That ambition is reflected in Hashtag, a new 200-m2 café-meets-store-exhibition-venue-and-bar in Shanghai. Reconstructing a 1980s building, ONOAA Studio utilized contemporary strategies and minimalistic touches to develop the multifunctional ‘living space’, exploring ‘some of the experiences outside the image’. Despite what the space’s name might imply, ONOAA did want to avoid simply defaulting to tried-and-true Insta-favourite themes: ‘In this Internet era, it seems difficult for commercial spaces to avoid the tag of “Internet-famous site”,’ a spokesperson explains.
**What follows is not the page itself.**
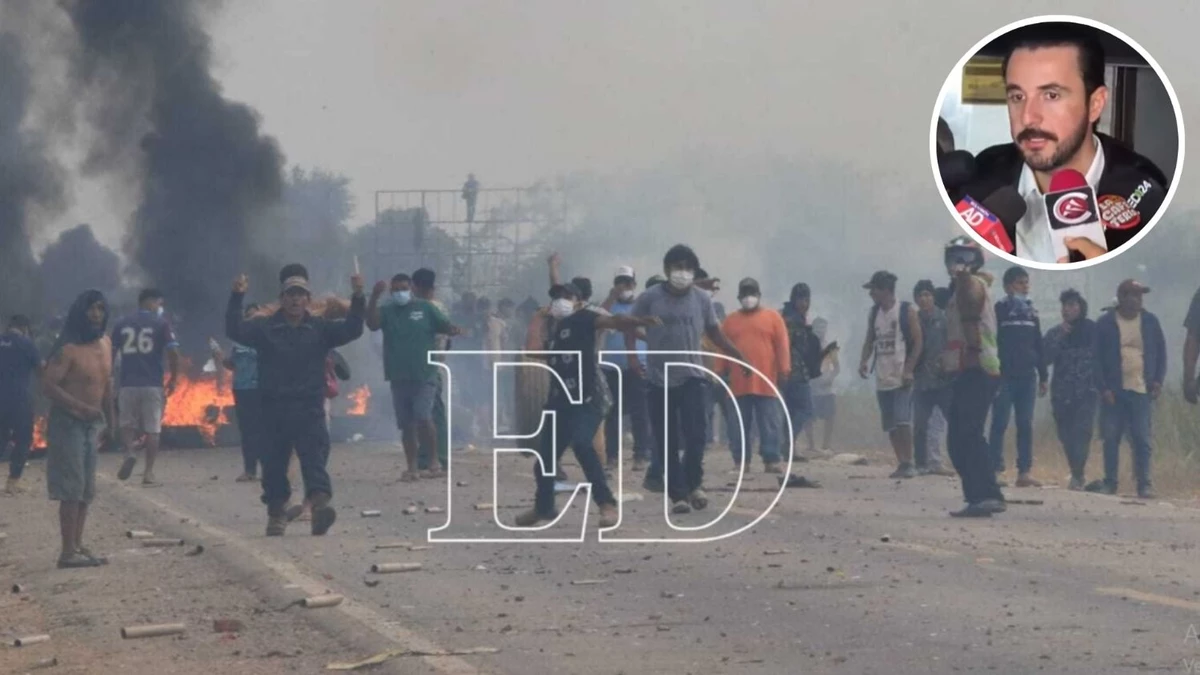 "Que no se derrame sangre entre bolivianos": 'JP' Velasco repudia violencia en San Julián "Que no se derrame sangre entre bolivianos": 'JP' Velasco repudia violencia en San Julián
City regulations meant that signboards could not be hung outside the building, posing a marketing challenge. The designers envisioned a semi-open parlour-style room on the ground floor for the public to access the building and check out information about Hashtag via LCD screens, posters and signboards. Whether or not passersby make it inside the space, they get a hint at it from the exterior: the same natural textures appearing on the building’s exterior were mimicked throughout the interior. Beige-grey sand-textured walls, limestone flooring and sandstone tables on the ground floor are all such references.

While this material palette may be relatively monochromatic, the space is hardly so by night: ONOAA installed a circle of colour-adjustable RGBW light strips and luminous film on the walls, able to transform the subdued café interior into a vibrant cocktail bar. The colours shift with changes in music, and the lighting programme is different daily.

A staircase made of matte black volcanic rock and grey granite leads to the first floor, which is swathed in white paint and natural light thanks to newly added skylights. The second floor is designated as the exhibition area; surfaces are treated in low-maintenance materials that are easily restored after changing shows.